🤖 AI Summary
This work addresses critical system-level challenges in large-scale multi-agent reinforcement learning (MARL)—including synchronization bottlenecks between rollouts and training, load imbalance, and low resource utilization—by proposing FlexMARL, the first end-to-end LLM-driven MARL training framework. FlexMARL decouples the rollout and training components and introduces a micro-batch-driven asynchronous pipeline, hierarchical load balancing, agent-centric resource allocation, and location-agnostic communication. A novel joint scheduler is co-designed to enable efficient协同 optimization across the system. Evaluated on large-scale production clusters, FlexMARL achieves up to 7.3× faster training throughput and 5.6× higher hardware utilization compared to existing baselines.
📝 Abstract
Despite algorithm-level innovations for multi-agent reinforcement learning (MARL), the underlying networked infrastructure for large-scale MARL training remains underexplored. Existing training frameworks primarily optimize for single-agent scenarios and fail to address the unique system-level challenges of MARL, including rollout-training synchronization barriers, rollout load imbalance, and training resource underutilization.
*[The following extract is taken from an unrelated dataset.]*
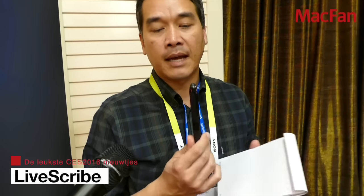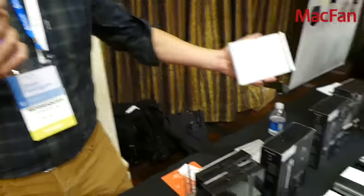Hi, I'm Brian Rodriguez. I'm with Livescribe. We're here at CES 2016 announcing the new and latest edition of our Livescribe 3 family. This is the Livescribe 3 Black Edition — an update to our Livescribe 3 family of products that have been around for the last couple of years.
To bridge this gap, we propose FlexMARL, the first end-to-end training framework that holistically optimizes rollout, training, and their orchestration for large-scale LLM-based MARL. Specifically, FlexMARL introduces the joint orchestrator to manage data flow under the rollout-training disaggregated architecture. Building upon the experience store, a novel micro-batch driven asynchronous pipeline eliminates the synchronization barriers while providing strong consistency guarantees. Rollout engine adopts a parallel sampling scheme combined with hierarchical load balancing, which adapts to skewed inter/intra-agent request patterns. Training engine achieves on-demand hardware binding through agent-centric resource allocation. The training states of different agents are swapped via unified and location-agnostic communication. Empirical results on a large-scale production cluster demonstrate that FlexMARL achieves up to 7.3x speedup and improves hardware utilization by up to 5.6x compared to existing frameworks.